Netty Vanderpol
Artworks
Artist's Statement
Netty Vanderpol is a survivor and now lives in Boston. She was a classmate of Anne Frank in Amsterdam, uses needlepoint as a way of coping with her past. The broken mirror refers to her mother's broken life. The piece with the Star also refers to an event in her life. Netty was on the only transport of Jews, in February, 1945, who were traded for German POW's from Switzerland. Vanderpol had a major exhibit of her needlepoint works at the Institute for Contemporary Art in Boston, 1993.

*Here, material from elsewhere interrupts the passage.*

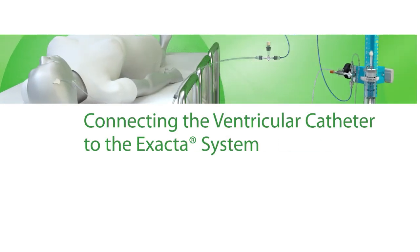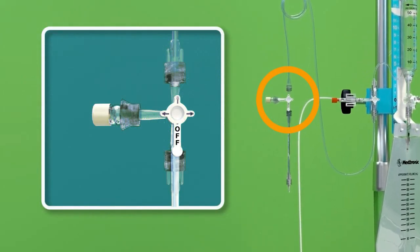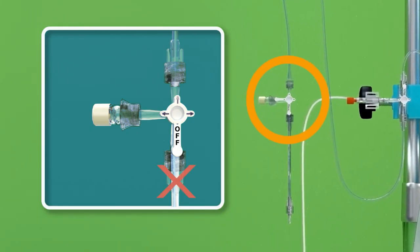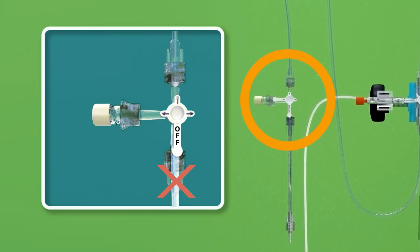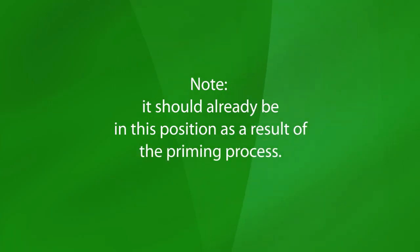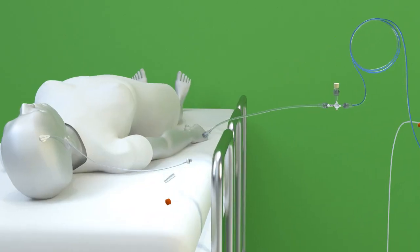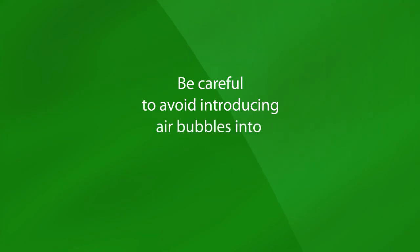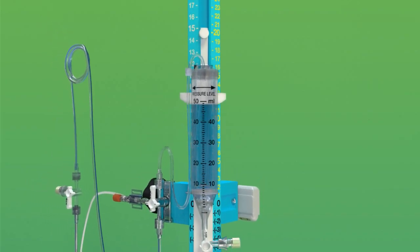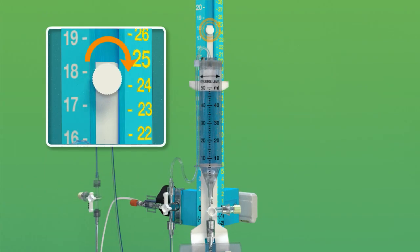Connecting the Ventricular Catheter to the Xacta System. To connect the ventricular catheter to the Xacta system, set the patient line stopcock handle inscribed with the OFF indicator toward the patient, cutting off flow from the patient catheter. Note, it should already be in this position as a result of the priming process. Remove the patient line end plug and attach the catheter to the luer adapter. Be careful to avoid introducing air bubbles into the line. Ensure that the drip chamber is set to the pressure level as prescribed by the physician and is locked into position by tightening the thumb screw.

I was thirteen when the Germans invaded Holland in 1940 and initiated the persecution and deportation of the Dutch Jews. I was forced to attend a school for Jewish children. One of my classmates was Anne Frank. In 1943 my father was imprisoned by the Nazis for having assisted Allied pilots who parachuted out of burning planes. He, my mother, my grandmother, my brother and I were sent to Westerbork, the last stop in Holland from which Jews were deported to various concentration camps. I spent over a year in Terezin in an increasingly desperate situation. When a rumor circulated that the Germans were looking for volunteers to be sent to Switzerland in an exchange for German POWs, we volunteered against the advice of most of the other inmates, who saw it as another trick. After a three-day train ride in February 1945, we crossed the border into Switzerland. This turned out to be the only exchange of Jews for German POWs. I have done needlepoint for many years. It was not until 1934 that I started my first piece that had the Holocaust as a focus. In this work, the number signifies the 257th person on the fifth transport from Holland; my number was my name.
Technical Applications
Questions:
- How do you feel about the use of needle point as an art form?
- Do you see some therapeutic value in these works?
- What common symbols of the Holocaust are seen in the needlepoints?